Ольга была высокой крепкой женщиной с русой, стриженой головой. Она курила, говорила неожиданно высоким, но хрипловатым голосом. Очень скоро они с Наташей подружились, Ольга помогала по хозяйству, когда была свободна, особенно когда Фалю отправили от вновь созданного колхоза на курсы животноводов в Барнаул. Они делились женскими секретами, немногими нарядами. Ольга даже учила Наталью стрелять из нагана в огороде по пугалу. Они тогда помылись в бане, выпили домашнего пивка, пели песни высокими голосами, а потом помолодевшая Талька озорно проговорила:
-А трудно научиться стрелять? Я смогу?
-А чего! Не боги горшки обжигают. Пошли. – Они, обнявшись, отправились в огород. А ребятишки высыпали за ними, спрятались за изгородь, которая отделяла двор от огорода. Шурка погрозил девчонкам, чтоб молчали, и, вытянув шею и прищурив чёрные монгольские глаза, с завистью смотрел на мать. А Кольша смотрел с гордостью, и на его голубые глаза набегали слёзы умиления.

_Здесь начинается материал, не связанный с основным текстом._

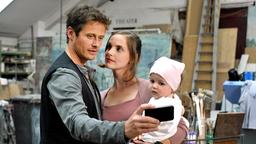 Erik (Roman Knizka) macht sofort ein Selbstporträt mit Jenny (Marie Zielcke) und dem Baby.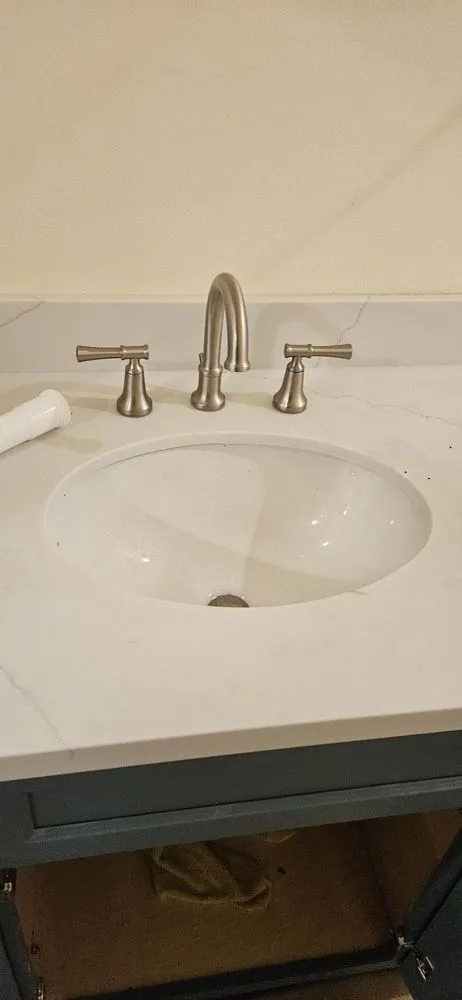 Slide of Nilo Handyman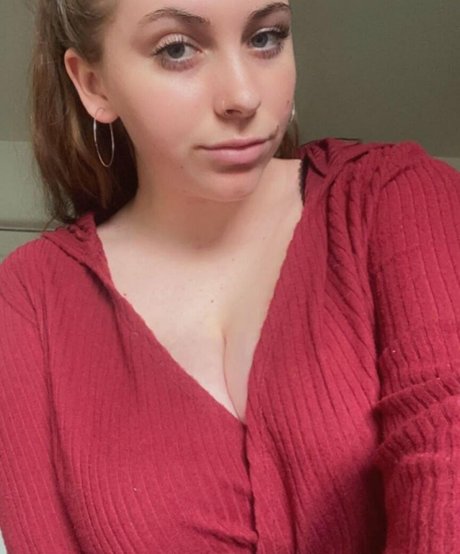 Lily P profile image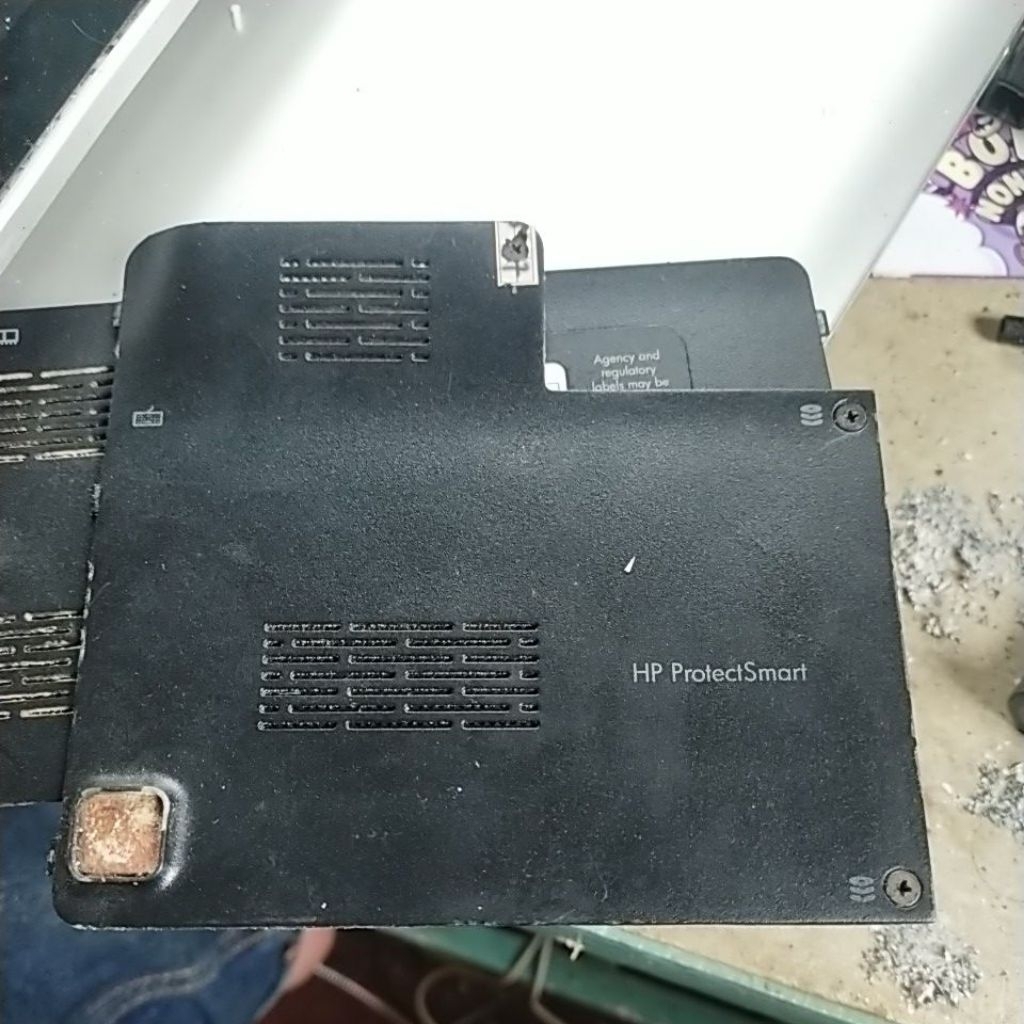 tutup hardisk hdd hp pavilion dm3 ar5b95 original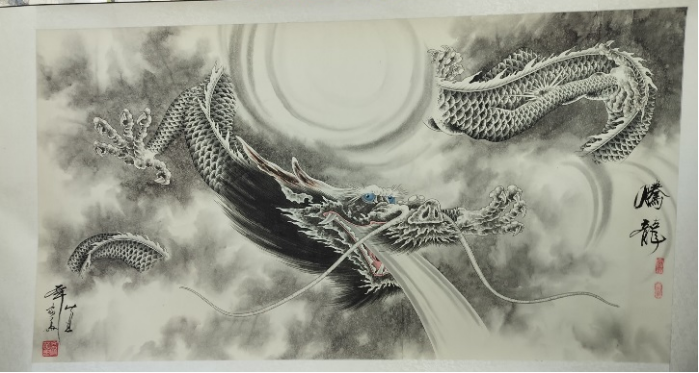 大幅毛笔书法作品,甲骨文风格,古文字体,展厅照明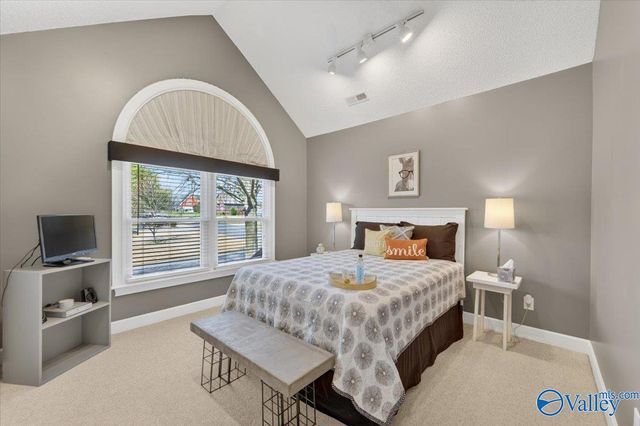 107 Ryanridge Road, Huntsville, AL 35806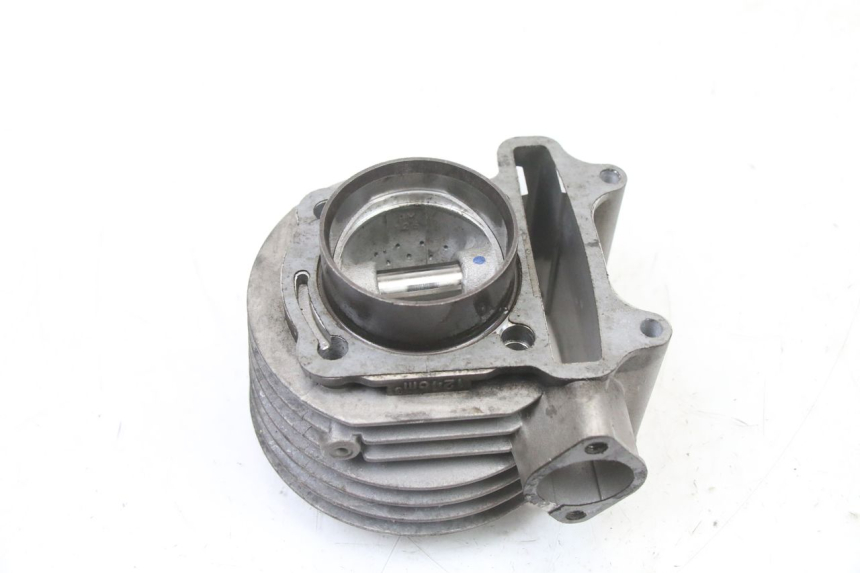 photo de CYLINDRE PISTON LONGJIA SHARPY 125 (2020 - 2024) - Gros plan technique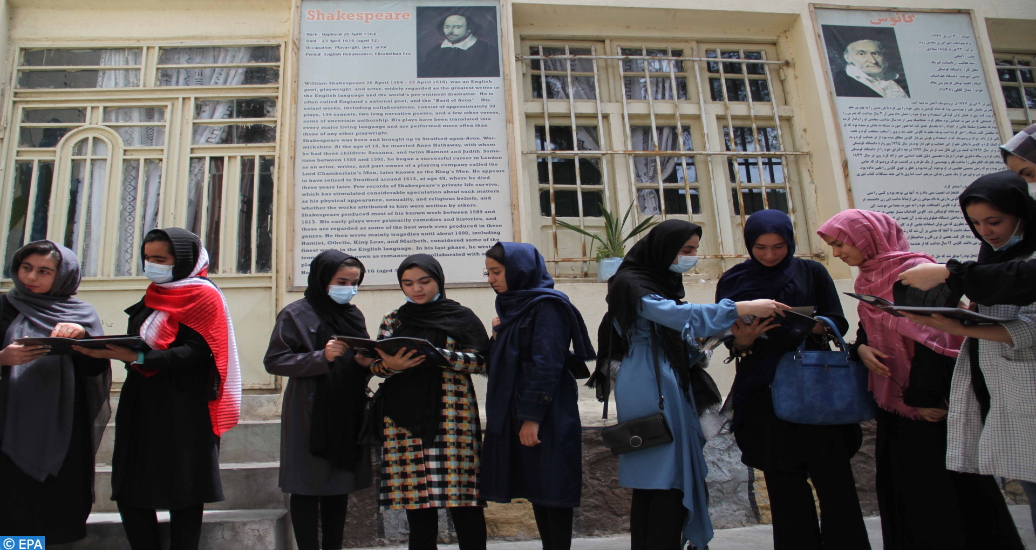 Les Afghanes pourront étudier à l’université, mais dans des classes non mixtes (Talibans)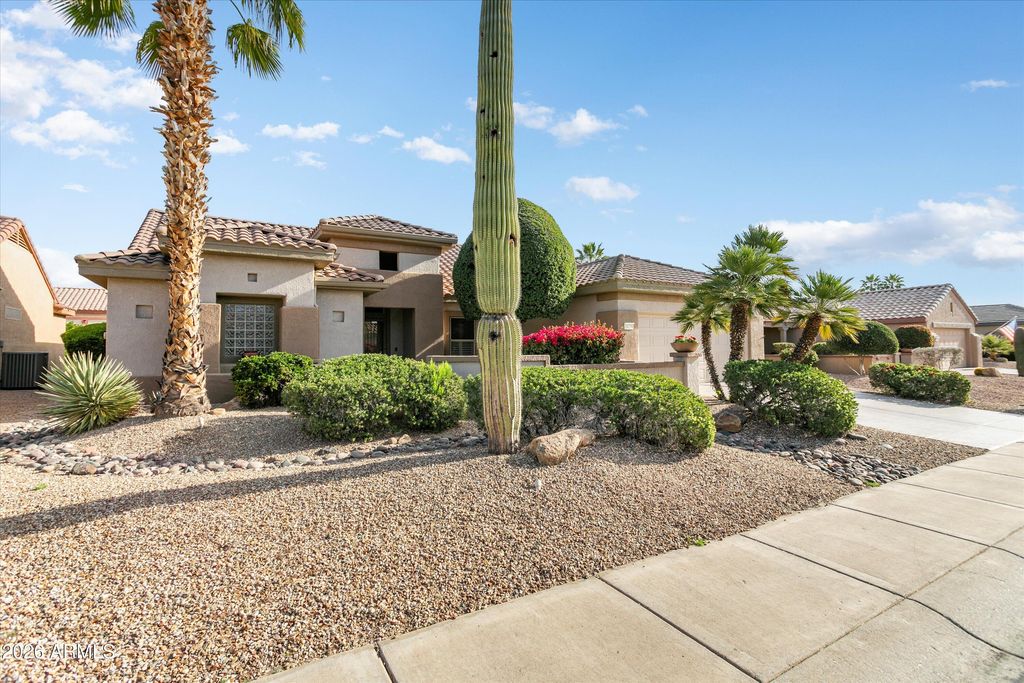 16238 W SANDIA PARK Drive, Surprise, AZ 85374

-По врагам народа пли! – кричала Ольга, и Талька, старательно целясь, стреляла в пугало, наряженное в её старенькое платье.

  А в мае 30-го года их семью объявили врагами народа. Ольга ночью пришла с заседания комитета бедноты и проговорила, стукнув кулаком по столу:
-Я ничего не смогла сделать! Фаля! – она помолчала. – Собирайся и уезжай куда-нибудь, схоронись. А я поеду в Барнаул за правдой.
-Ну, так я подожду тебя.
-Нет. Как бы не шлёпнули сгоряча. Сибирящки, как ты говоришь, настроены очень серьёзно. Надо было тебе связываться с этим Филимоновым. «Он, кулацкое отродье, на рабочего человека руку поднял!» - кричит. А Сёма Безродный добавляет: «Как до колхоза на своём Гнедке ездил, так и потом барином разъезжал»

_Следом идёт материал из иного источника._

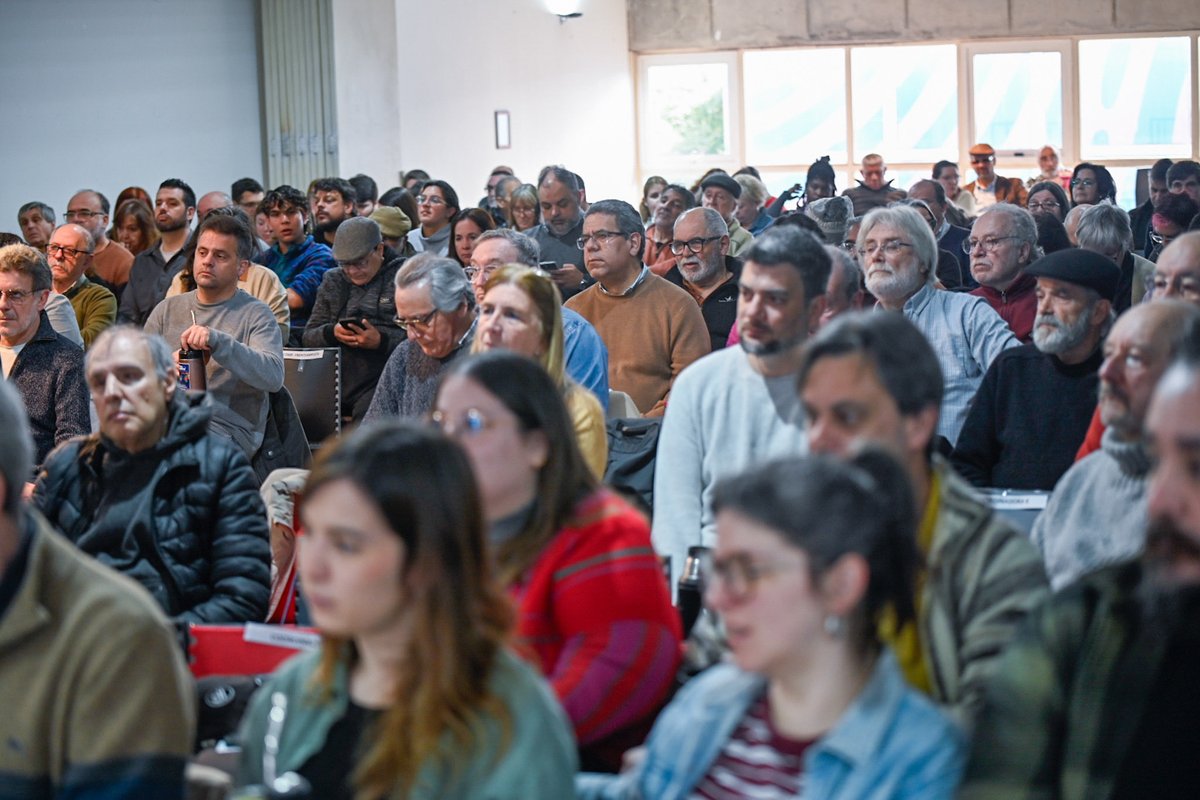 Veropr2810's tweet photo. Ayer el Plenario Nacional del @Frente_Amplio propuso al compañero Fernando Pereira para un nuevo período como presidente de nuestra fuerza política.

No se puede entender el fortalecimiento del Frente Amplio en estos años sin el liderazgo de Fernando. Desde la presidencia impulsó iniciativas como el FA Te Escucha y el Plan de Desarrollo Organizativo, que permitieron recuperar la iniciativa política, fortalecer nuestra organización y renovar nuestra potencia para hacer política en cada rincón del
país.

Ese trabajo continuo y decidido fue parte fundamental del camino que recorrimos desde la derrota de 2019 hasta ser el partido más votado en las elecciones internas, ganar las elecciones nacionales en 2024 y llegar al gobierno.

Para mí ha sido un honor ser parte del equipo que acompañó a Fernando durante estos años y compartir una etapa de enorme trabajo, compromiso y construcción colectiva.

Hoy tenemos nuevos desafíos por delante: acompañar y respaldar al gobierno, seguir fortaleciendo al Frente Amplio y, sobre todo, generar las condiciones politicas para transformar al Uruguay. Para eso necesitamos una fuerza política activa, abierta, participativa y presente en todo el país.

Estoy convencida de que Fernando tiene mucho para seguir aportando en ese camino. Sigamos construyendo, con unidad y con la mirada puesta en el futuro.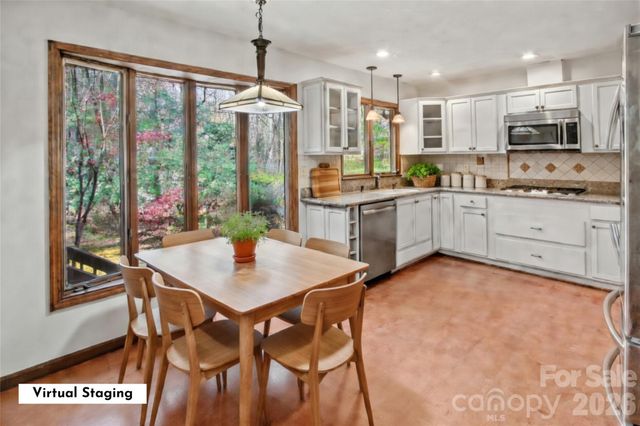 540 Chickadee Lane, Brevard, NC 28712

-Ольга, ты же знаешь! Когда я приехал, на конюшне говна было по колено, а они покуривали сидели, паразиты. Каждый своей лошади из других кормушек сено перекладывал, друг у друга воровали. А мой Гнедко уже на вожжах висел, одни кости остались, и ещё несколько лошадей пали. Вот кто враги народа, вот кого раскулачивать надо! – гневно почти кричал Фалалей Павлович.

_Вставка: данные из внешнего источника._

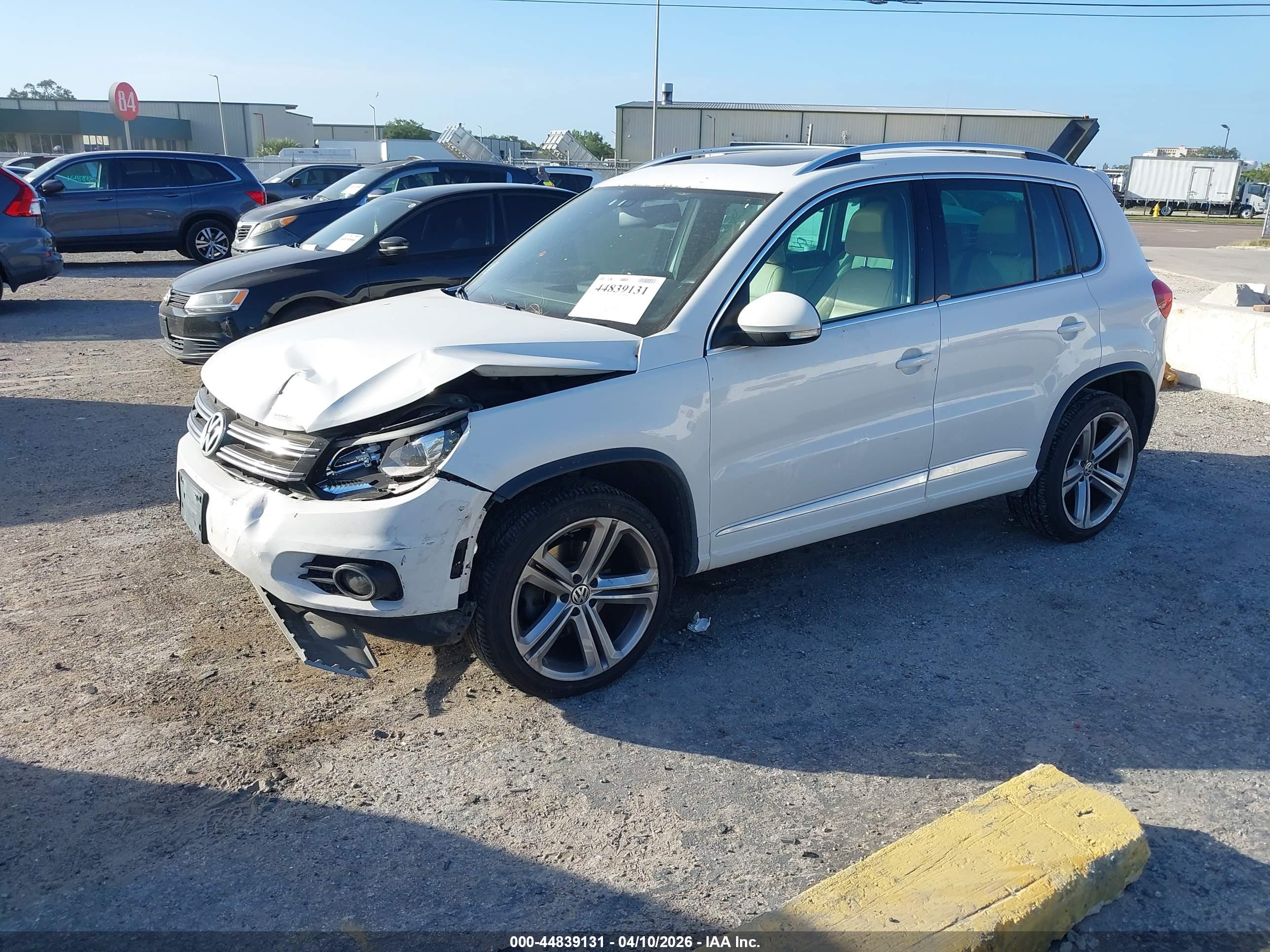 VOLKSWAGEN TIGUAN image 2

-Так они теперь власть, комитет бедноты.
-Тунеядцы они, потому и беднота. Дети у них голодные сидят, а они на рыбалочку, на охоту… Да что говорить!
-А вилами зачем было махать? У них теперь козырь: «Чуть вилами не запорол!»
-Да, огрел я одного по спине черенком, надо было всех отдубасить, жаль, убежали.
-Я попытаюсь всё объяснить в городе, но ты должен уехать сейчас же, ночью. Утром уже вас арестуют и отправят в Барнаул. А там… Я не знаю, как вас там встретят.
-Фаля! Поезжай, хоть в Енисейск, у тебя там сестра. А потом мы тебе напишем, ты и приедешь, - засуетилась мать, собирая какое-то бельё в узелок, доставая из заветной шкатулки деньги. Ребятишки спали на полатях. Но Шурка с Кольшей проснулись, когда отец заругался. «Какой же отец враг народа. Он заведующий конным двором. Он в городе учился, - думал Кольша. – Ничего, тётя Оля поможет. Она же партийная».
Но Ольга помочь не смогла. Она вернулась из города, забрала свои скудные вещички, обняла молча Наталью и уехала. Её перевели в другой колхоз или на другую работу. А семью Брыкиных без хозяина погрузили на телеги с перинами и чугунками, потом на баржу в Барнауле и повезли на север в Нарымский край вместе со всеми ещё многими и многими тридцати-сорокалетними мужиками и их многодетными семьями. Стране нужна была дешёвая рабочая сила для многих начатых строек. Из Нарыма лес поплывёт для строительства Кузнецкого металлургического комбината и города с именем вождя народов – Сталинска.